On Wednesday, Jun 11, 2003, at 20:22 Europe/Berlin, David Ayers wrote:

Gregory John Casamento wrote:

The current CVS version of Gorm and GUI support using default fonts. The user can select if the system, user, menu or etc font should be used. This will
unarchive to the appropriate font on any given system.

This functionality was added yesterday or the day before.

Great! This is exactly what Gorm should do!

  Renaissance is not the only solution.


Please don't take this personal. Gorm is the right tool for certain situations. But Andreas asked for a guarantee, that the contents of controls won't get clipped, no matter how large the system/menu/user font is. Gorm (nor IB) just cannot insure this. This can be done with Renaissance.

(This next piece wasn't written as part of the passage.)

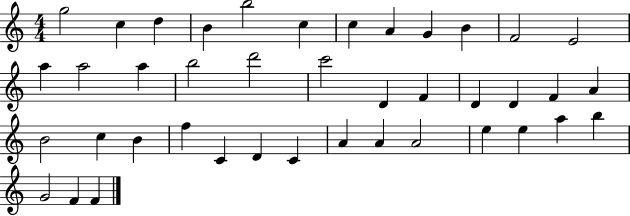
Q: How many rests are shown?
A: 0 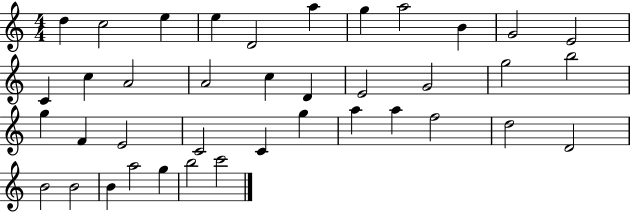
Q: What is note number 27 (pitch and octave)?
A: G5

I wonder how those UI's will look if your system font is 100pt. ... Personally, I don't think that a box layout system is a guarantee for good looking UIs under all circumstances. Also, UI's done with box layout systems in my experience are way (much!) harder to design than with Interface Builder/Gorm - and usually even experienced UI designers had their troubles with it (I know it from Swing, personally). This is contrary to what most people do believe. Usually the argument is along the lines that because boxes are a clean and well structured approach it's much easier for programmers to design such UIs. Also, it seems to be widely believed, that programmers have no design skills and with box layout systems wouldn't be required to have such talent - so it's obviously a better approach. In my experience the constraints imposed by each box/layout styles have lots of subtle interactions that are at times very hard to understand - not to mention to solve. I've spent several hours solving issues in Swing that never occured to me in Interface Builder on OPENSTEP/Mac OS X. On the contrary, I never felt I could have designed something easier using a box layout system.

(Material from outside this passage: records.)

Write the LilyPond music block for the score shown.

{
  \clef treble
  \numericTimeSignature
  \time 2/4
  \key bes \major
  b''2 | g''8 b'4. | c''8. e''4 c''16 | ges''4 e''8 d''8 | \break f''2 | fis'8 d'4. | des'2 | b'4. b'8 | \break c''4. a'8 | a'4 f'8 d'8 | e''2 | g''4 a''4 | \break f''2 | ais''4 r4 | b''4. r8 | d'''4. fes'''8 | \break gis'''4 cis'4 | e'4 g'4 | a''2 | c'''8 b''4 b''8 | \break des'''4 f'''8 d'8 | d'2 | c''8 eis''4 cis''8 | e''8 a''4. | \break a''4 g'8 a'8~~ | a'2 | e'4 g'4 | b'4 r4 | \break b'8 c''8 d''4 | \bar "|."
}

Interestingly, the whole problem is hard to notice at first, because box layout systems appear to be easier to understand as they are 'cleaner' structured. Go design a complex UI with both approaches and see for yourself.

That doesn't mean that Renaissance doesn't have other drawbacks. (Like you don't get WYSIWYG layout.) Choose the tool that best fits your needs.

Gorm could be used as a WYSIWYG editor I think. How one would graphically handle the layout constraints imposed by the box layout system in Gorm is another question, though. It could be done similar to the way the 'guiders' work, but probably indicating 'destination boxes' instead.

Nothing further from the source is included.